About this task: Copy every entry word for word. Skip the pictures.
[Provided records]
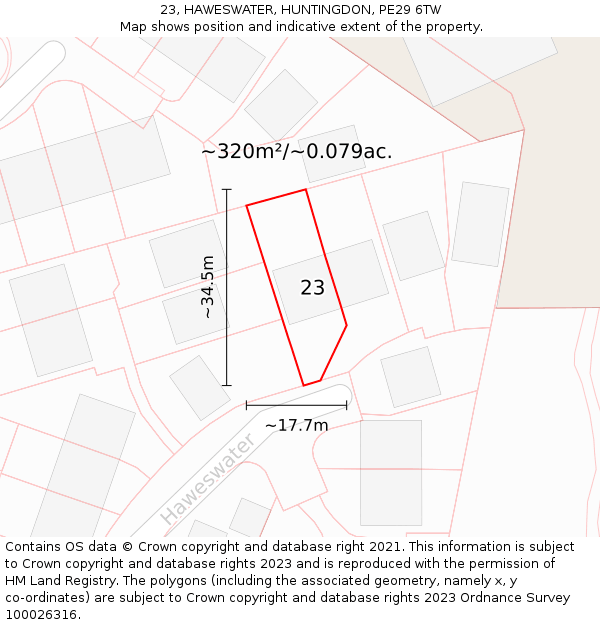 23, HAWESWATER, HUNTINGDON, PE29 6TW: Plot and title map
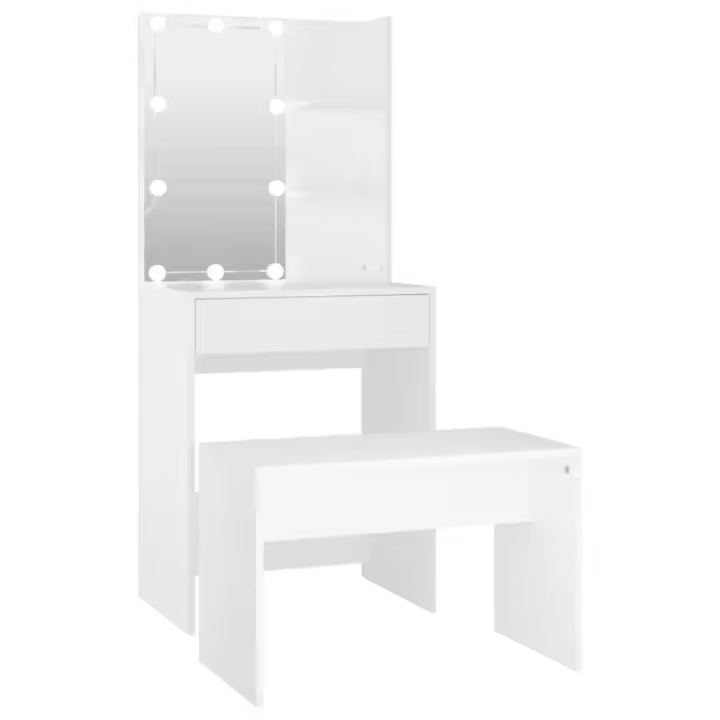 Juego de tocador con LED madera contrachapada blanco - 1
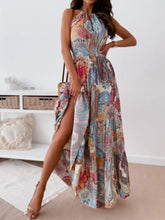 Colorful Paisley Halter Maxi Dress with Tiered Ruched Backless Design Casual Dresses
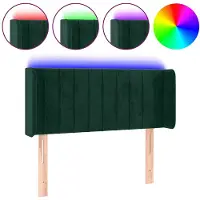 vidaXL Hoofdbord LED 93x16x78/88 cm fluweel donkergroen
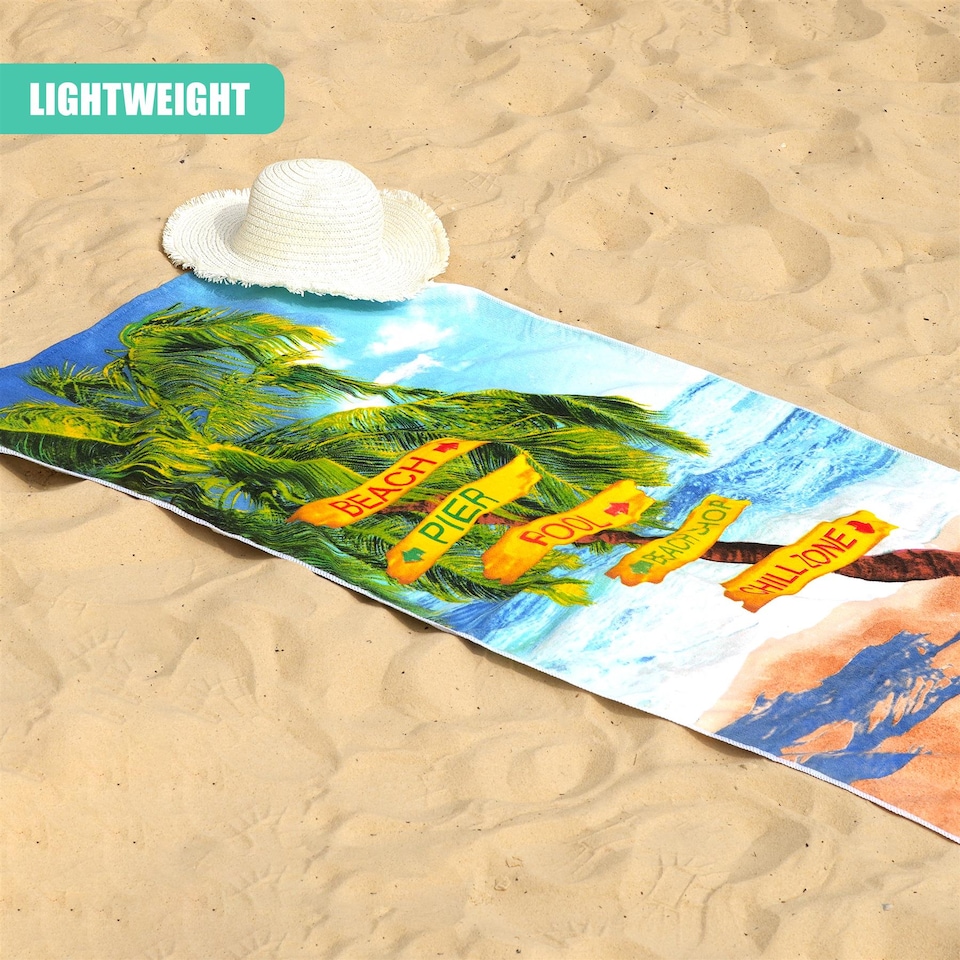 image 1 of GEEZY Microfibre Beach Towel Beach Signs Design Large 70x140cm Travel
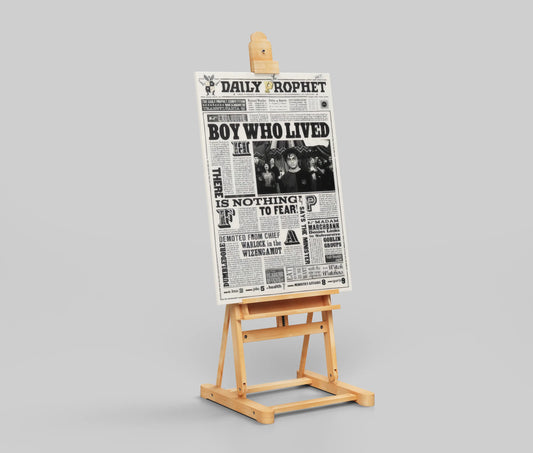 The Daily Prophet "Boy Who Lived" Newspaper Print - Harry Potter Wizarding World Poster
[/Provided records]
Answer for the task:
 23, HAWESWATER, HUNTINGDON, PE29 6TW: Plot and title map
 Juego de tocador con LED madera contrachapada blanco - 1
 Colorful Paisley Halter Maxi Dress with Tiered Ruched Backless Design Casual Dresses
 vidaXL Hoofdbord LED 93x16x78/88 cm fluweel donkergroen
 image 1 of GEEZY Microfibre Beach Towel Beach Signs Design Large 70x140cm Travel
 The Daily Prophet "Boy Who Lived" Newspaper Print - Harry Potter Wizarding World Poster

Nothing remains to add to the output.